Les Autochtones restent néanmoins sceptiques face aux décisions gouvernementales, principalement car ils se retrouvent mis à l’écart de nombreux projets d’envergure, tels que l’Oléoduc Énergie Est, désormais avorté, ou encore le site C en Colombie Britannique.
Ce projet barrage menace certains des sites historiques de ces peuples, qui pourraient disparaître sous l’eau. Par ailleurs, les Autochtones utilisent toujours ces lieux pour leurs activités traditionnelles. Il se pourrait également que le barrage fasse l’objet de l’enquête nationale sur les femmes et filles autochtones disparues et assassinées, notamment vis-à-vis du rôle de l’exploitation de ces ressources dans ces crimes. Cela donne un exemple du flagrant manque de communication entre les peuples et témoigne du chemin qu’ils ont à faire s’ils veulent réellement tourner la page.
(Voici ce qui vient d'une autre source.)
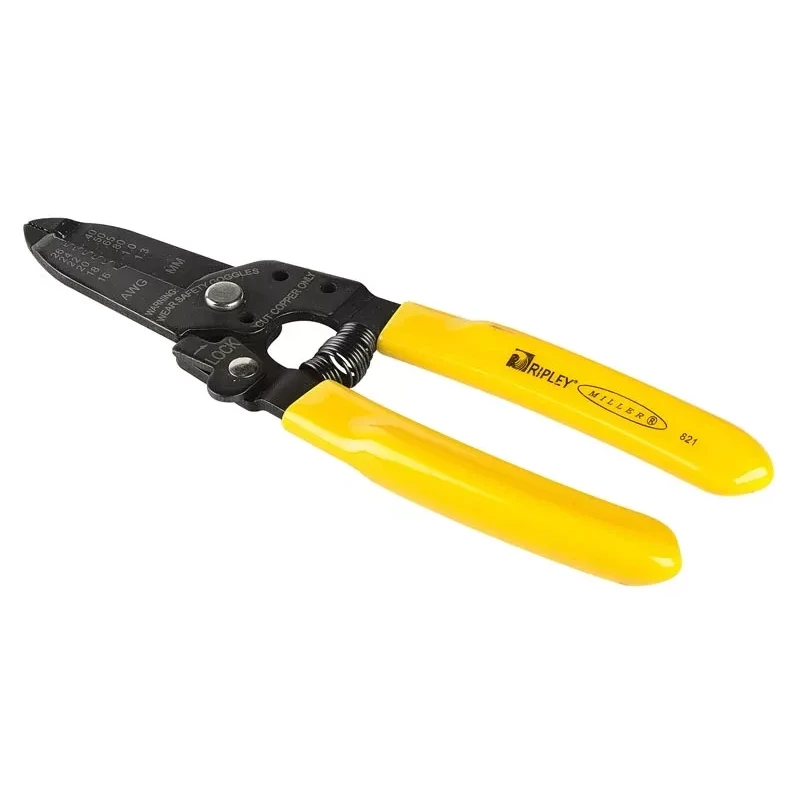 Стриппер Miller T-типа Multi-Wire 821 для снятия оболочек 0.4-1.3 мм (26-16 AWG) Стриппер Miller T-типа Multi-Wire 821 для снятия оболочек 0.4-1.3 мм (26-16 AWG)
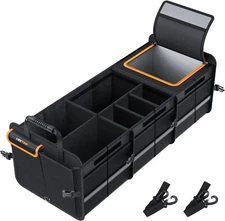 X-Large Car Trunk Storage Box Cargo Organizer for Cars SUV with Lid & Cooler Bag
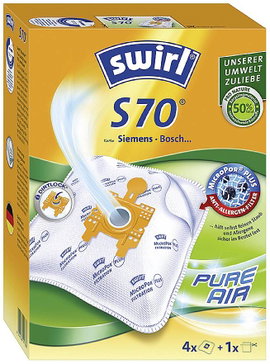 Porszívó zsák Swirl S70 Airspace 4 db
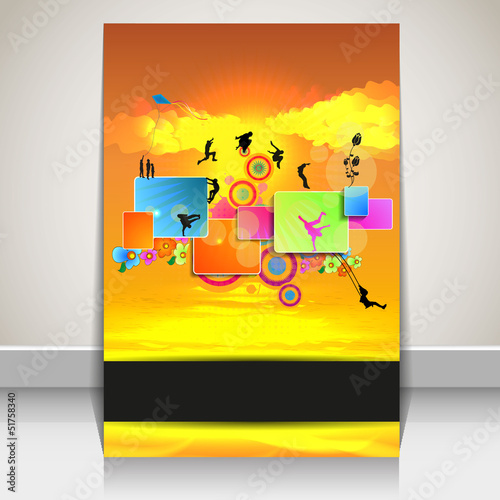 Party cover design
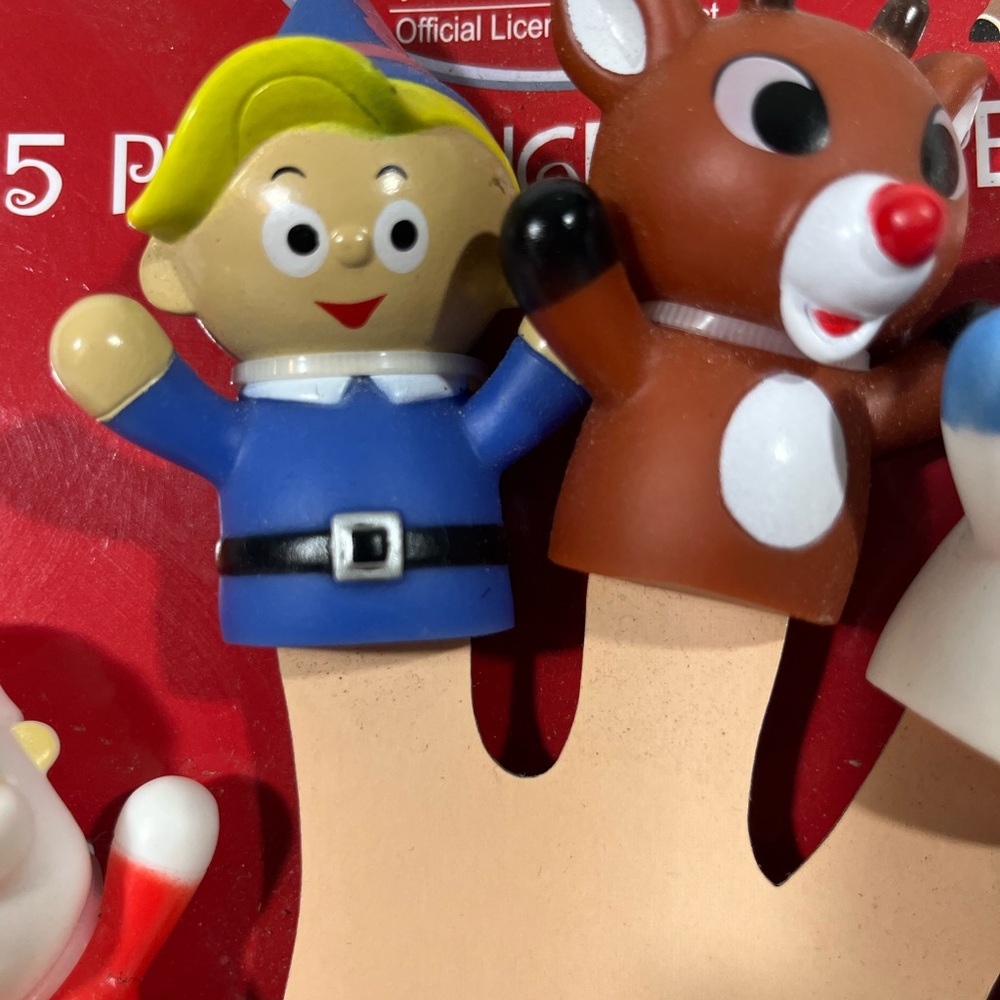 RASHTI BABY CHRISTMAS CLASSIC RUDOLPH 5 PIECE FINGERS PUPPETS SET AGES 3+ NEW - Picture 5 of 8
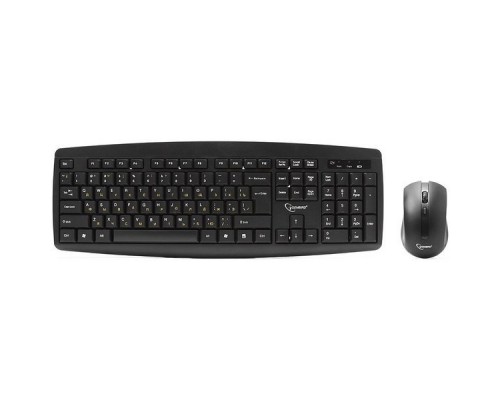 Комплект клавиатура + мышь беспров. Gembird KBS-8000,черный, 2.4ГГц/10м, 1600DPI,  мини-приемник- USB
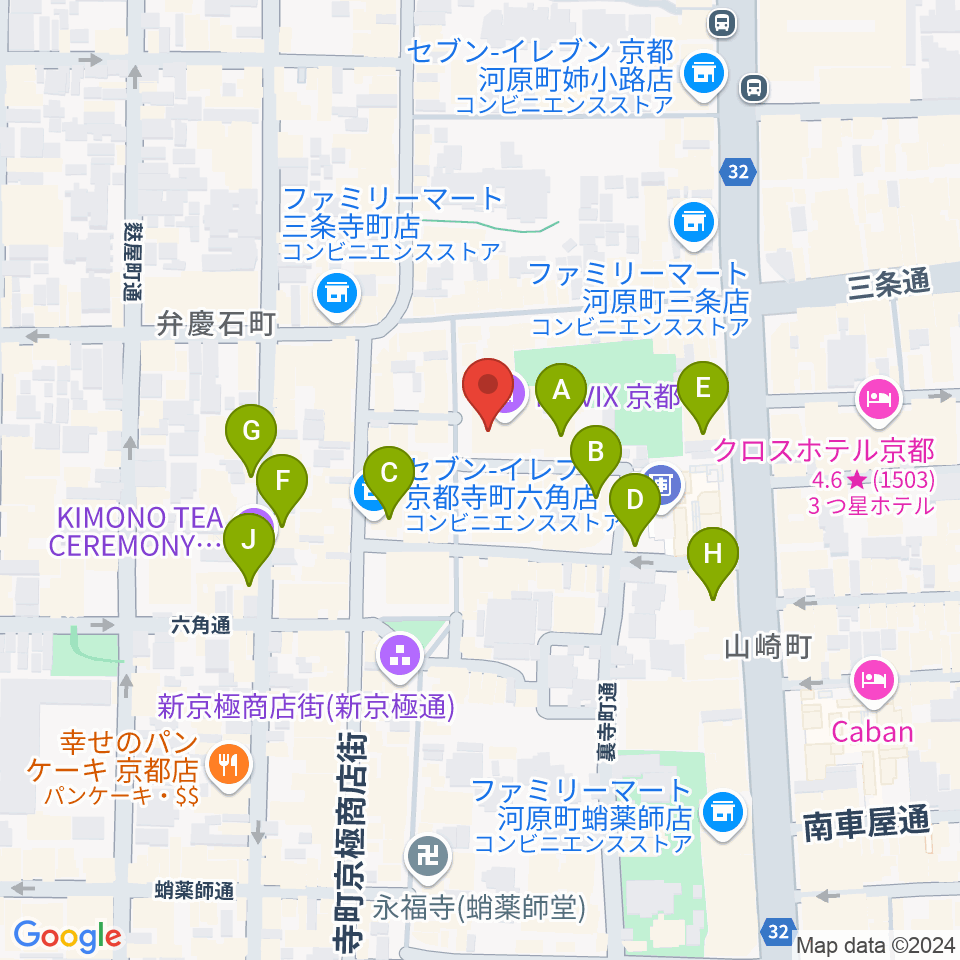 MOVIX京都周辺のホテル一覧地図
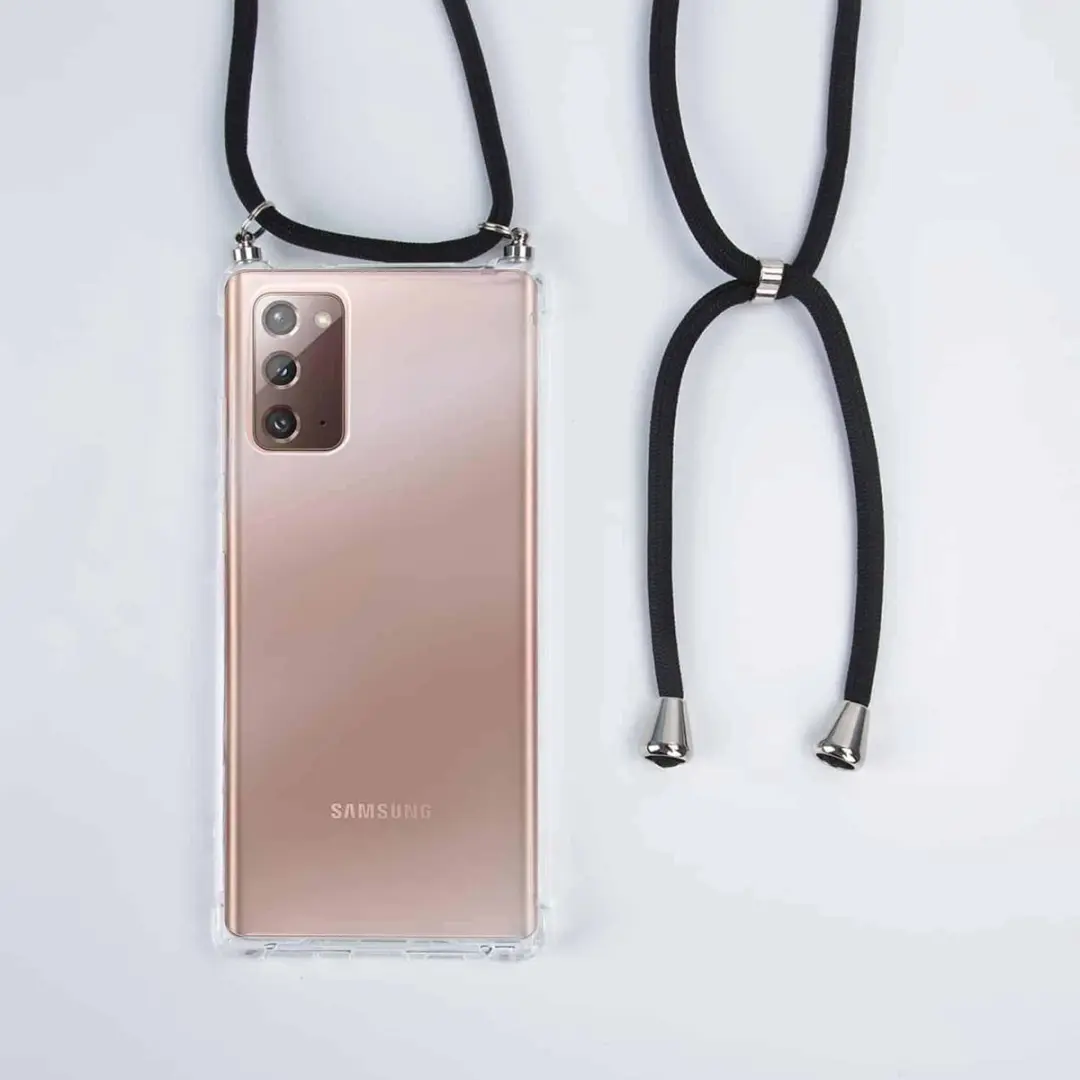 Fonu Siliconen Anti-Shock Backcase Samsung Galaxy Note20 Ultra - Transparant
Par ailleurs, si les promesses sont là, les résultats ne le sont pas forcément, ce qui accroît le doute des dirigeants autochtones face aux actions du gouvernement canadien. « On continue de parler d’une nécessaire réconciliation avec les peuples autochtones sans jamais avoir la certitude que les parties en cause s’entendent sur ce en quoi cette réconciliation consisterait », écrivait Chantal Hébert dans une chronique pour le magazine L’actualité. Pour que les peuples impliqués puissent avancer, il faudra faire preuve de persévérance et de transparence, ce qui est loin d’être gagné.